Re: Any projects with lots of server-side PL/SQL?

From: Marty Himmelstein <marty.himmelstein_at_valley.net>
Date: 1995/09/20
Message-ID: <43nrmt$39f_at_dartvax.dartmouth.edu>#1/1


I am using server side PL/SQL for a data warehousing project. I am a database consultant doing work for a software company that specializes in health care utilization analysis. The company has many large insurance companies as customers.

Previously I used Sybase's Server side stored procedure language Transact/SQL.

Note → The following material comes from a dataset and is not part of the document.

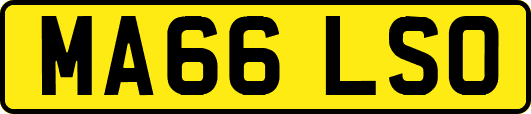 MA66LSO
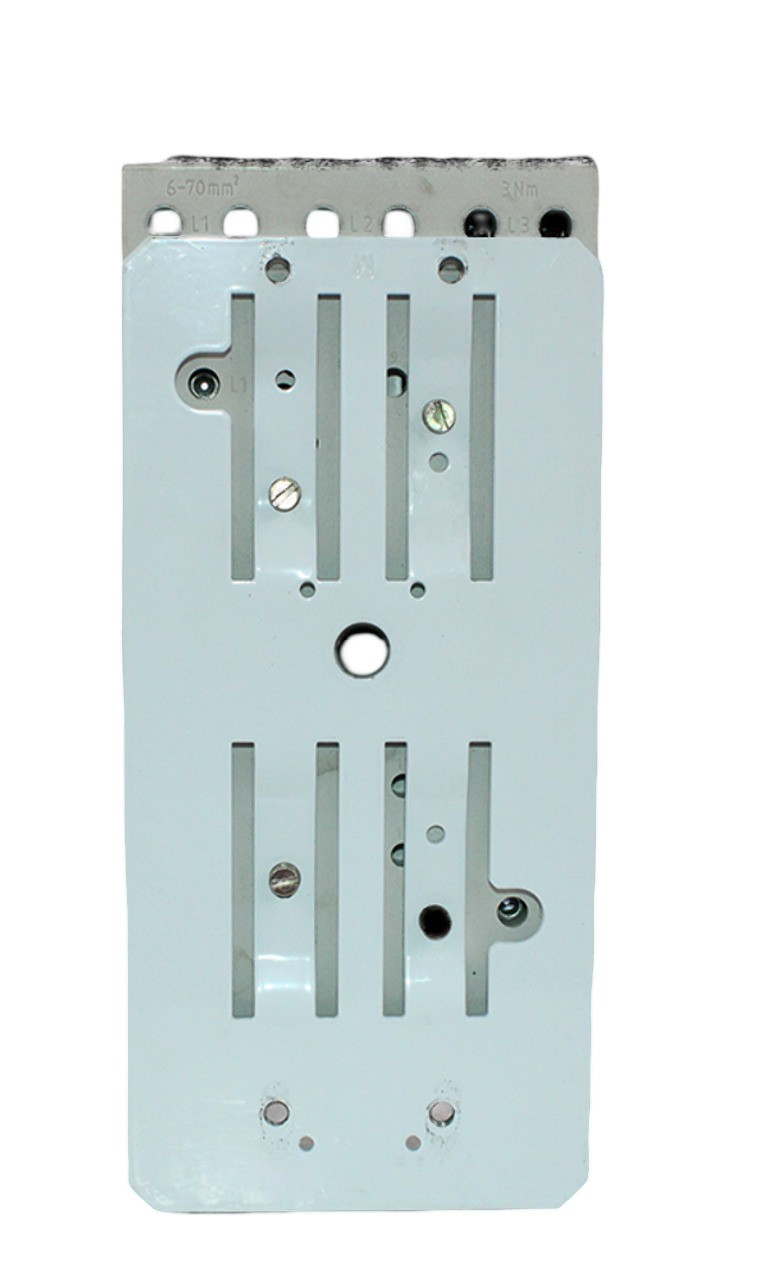 Circuit Breaker Adapter Shoe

Primarily for the reasons you stated, server side development is very compelling: it hides the data model from the front end tools, allows a higher level of data abstraction and encapsulation, enhances sharing, and makes changes easier: database changes can be made with affecting client software. I am generally happy with PL/SQL; it is a rich language, as far as database manipulation goes and compared to Transact/SQL, but it does have some limitations (e.g., inability to return result sets. My understanding is Oracle is fixing this particular problem.)

If PL/SQL isn't up to a specific task, I would recommend exploring the feasibility of writing server side C code (or whatever) instead of client-side code. Let the front-end people do the GUI stuff. Tools like Powerbuilder and Visual Basic can be used to create tentacle like hooks into the database, which is bad.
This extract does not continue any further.